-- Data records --

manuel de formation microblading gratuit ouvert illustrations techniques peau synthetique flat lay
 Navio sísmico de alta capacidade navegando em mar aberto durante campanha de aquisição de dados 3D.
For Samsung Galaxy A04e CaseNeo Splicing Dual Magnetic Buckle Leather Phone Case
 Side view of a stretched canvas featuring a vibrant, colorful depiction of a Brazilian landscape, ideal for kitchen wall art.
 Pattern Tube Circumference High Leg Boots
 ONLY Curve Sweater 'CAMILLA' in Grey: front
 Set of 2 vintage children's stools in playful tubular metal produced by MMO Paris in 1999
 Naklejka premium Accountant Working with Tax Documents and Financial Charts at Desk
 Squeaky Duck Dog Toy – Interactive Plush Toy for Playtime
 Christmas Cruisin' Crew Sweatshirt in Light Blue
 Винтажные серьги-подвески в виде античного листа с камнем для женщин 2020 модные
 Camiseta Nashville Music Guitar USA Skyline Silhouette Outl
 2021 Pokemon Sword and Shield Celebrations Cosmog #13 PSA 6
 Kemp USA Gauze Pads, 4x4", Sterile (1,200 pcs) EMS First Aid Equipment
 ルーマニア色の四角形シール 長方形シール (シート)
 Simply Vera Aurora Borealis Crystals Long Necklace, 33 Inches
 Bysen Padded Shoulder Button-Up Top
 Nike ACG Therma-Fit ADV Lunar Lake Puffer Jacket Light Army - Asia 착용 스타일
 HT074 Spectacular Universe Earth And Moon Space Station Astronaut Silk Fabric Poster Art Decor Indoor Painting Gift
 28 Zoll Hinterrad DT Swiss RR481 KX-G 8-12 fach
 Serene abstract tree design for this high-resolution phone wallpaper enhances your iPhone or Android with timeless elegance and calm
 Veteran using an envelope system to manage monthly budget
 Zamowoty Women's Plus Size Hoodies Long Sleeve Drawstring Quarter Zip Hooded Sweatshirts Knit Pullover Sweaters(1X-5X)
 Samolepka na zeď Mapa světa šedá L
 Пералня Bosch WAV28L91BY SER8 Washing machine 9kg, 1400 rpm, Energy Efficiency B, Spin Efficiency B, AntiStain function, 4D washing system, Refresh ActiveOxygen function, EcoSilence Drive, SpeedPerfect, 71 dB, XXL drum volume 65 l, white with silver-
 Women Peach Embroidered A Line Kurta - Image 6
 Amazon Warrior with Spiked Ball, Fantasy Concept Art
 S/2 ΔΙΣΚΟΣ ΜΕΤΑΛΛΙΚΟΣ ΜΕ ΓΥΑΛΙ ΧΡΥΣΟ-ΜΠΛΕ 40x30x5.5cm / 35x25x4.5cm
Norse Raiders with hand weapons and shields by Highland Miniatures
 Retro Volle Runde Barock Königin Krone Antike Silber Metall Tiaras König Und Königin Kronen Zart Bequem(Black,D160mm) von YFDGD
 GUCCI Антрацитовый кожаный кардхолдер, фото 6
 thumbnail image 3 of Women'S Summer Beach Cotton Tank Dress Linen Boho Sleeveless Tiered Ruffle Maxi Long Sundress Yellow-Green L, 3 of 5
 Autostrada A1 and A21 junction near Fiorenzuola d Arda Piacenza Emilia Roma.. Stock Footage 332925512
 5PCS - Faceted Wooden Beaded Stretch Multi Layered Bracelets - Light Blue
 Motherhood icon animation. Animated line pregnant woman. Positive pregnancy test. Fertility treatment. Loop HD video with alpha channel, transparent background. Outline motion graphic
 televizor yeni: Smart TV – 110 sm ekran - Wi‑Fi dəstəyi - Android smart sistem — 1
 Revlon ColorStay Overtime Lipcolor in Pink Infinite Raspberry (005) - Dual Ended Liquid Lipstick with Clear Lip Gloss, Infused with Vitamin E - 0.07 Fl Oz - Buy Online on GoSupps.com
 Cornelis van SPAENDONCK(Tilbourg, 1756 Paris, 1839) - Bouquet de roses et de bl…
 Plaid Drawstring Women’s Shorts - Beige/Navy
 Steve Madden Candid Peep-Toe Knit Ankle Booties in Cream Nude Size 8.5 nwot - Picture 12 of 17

-- TO DO --
Show me all lines in the records that contain "Android".

-- REPLY TO THE TASK --
 Serene abstract tree design for this high-resolution phone wallpaper enhances your iPhone or Android with timeless elegance and calm
 televizor yeni: Smart TV – 110 sm ekran - Wi‑Fi dəstəyi - Android smart sistem — 1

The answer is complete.